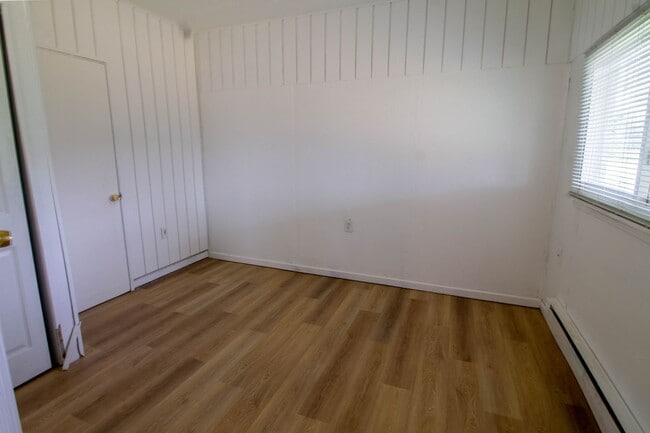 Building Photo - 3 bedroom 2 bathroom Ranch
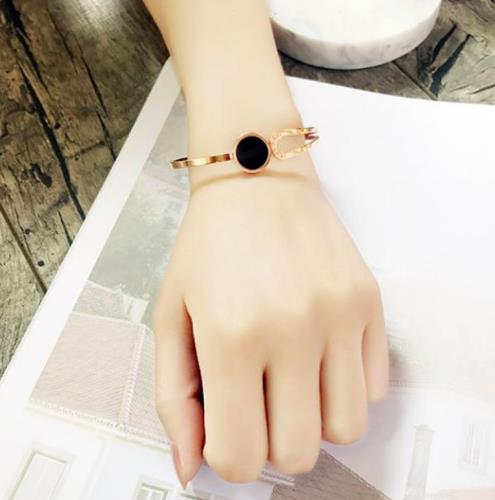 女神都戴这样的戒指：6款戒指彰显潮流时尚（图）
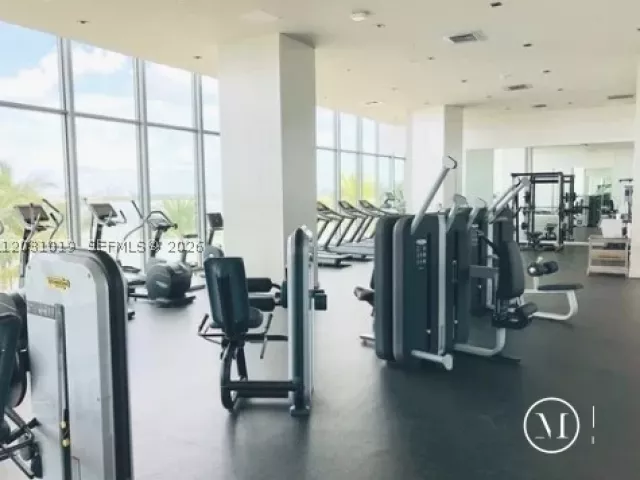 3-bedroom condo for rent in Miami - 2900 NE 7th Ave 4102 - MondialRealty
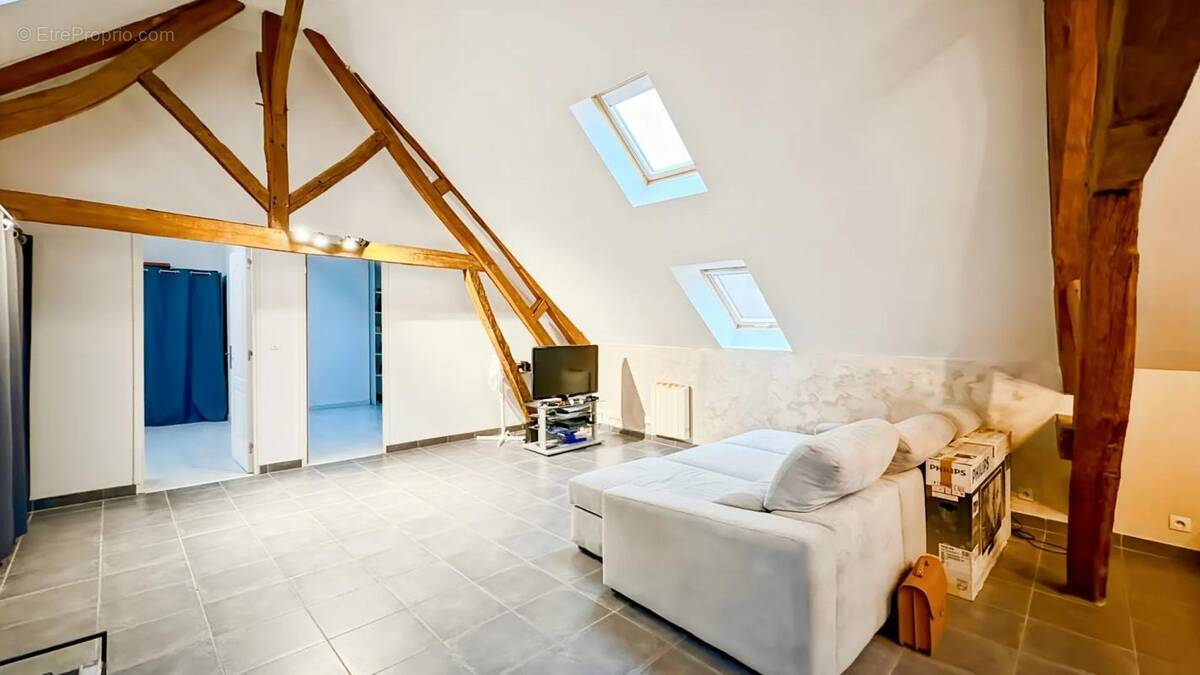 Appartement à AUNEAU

** Exercise details **
In your transcription of the listing above, match each line exactly and include no pictures.

** Solved problem **
 Building Photo - 3 bedroom 2 bathroom Ranch
 女神都戴这样的戒指：6款戒指彰显潮流时尚（图）
 3-bedroom condo for rent in Miami - 2900 NE 7th Ave 4102 - MondialRealty
 Appartement à AUNEAU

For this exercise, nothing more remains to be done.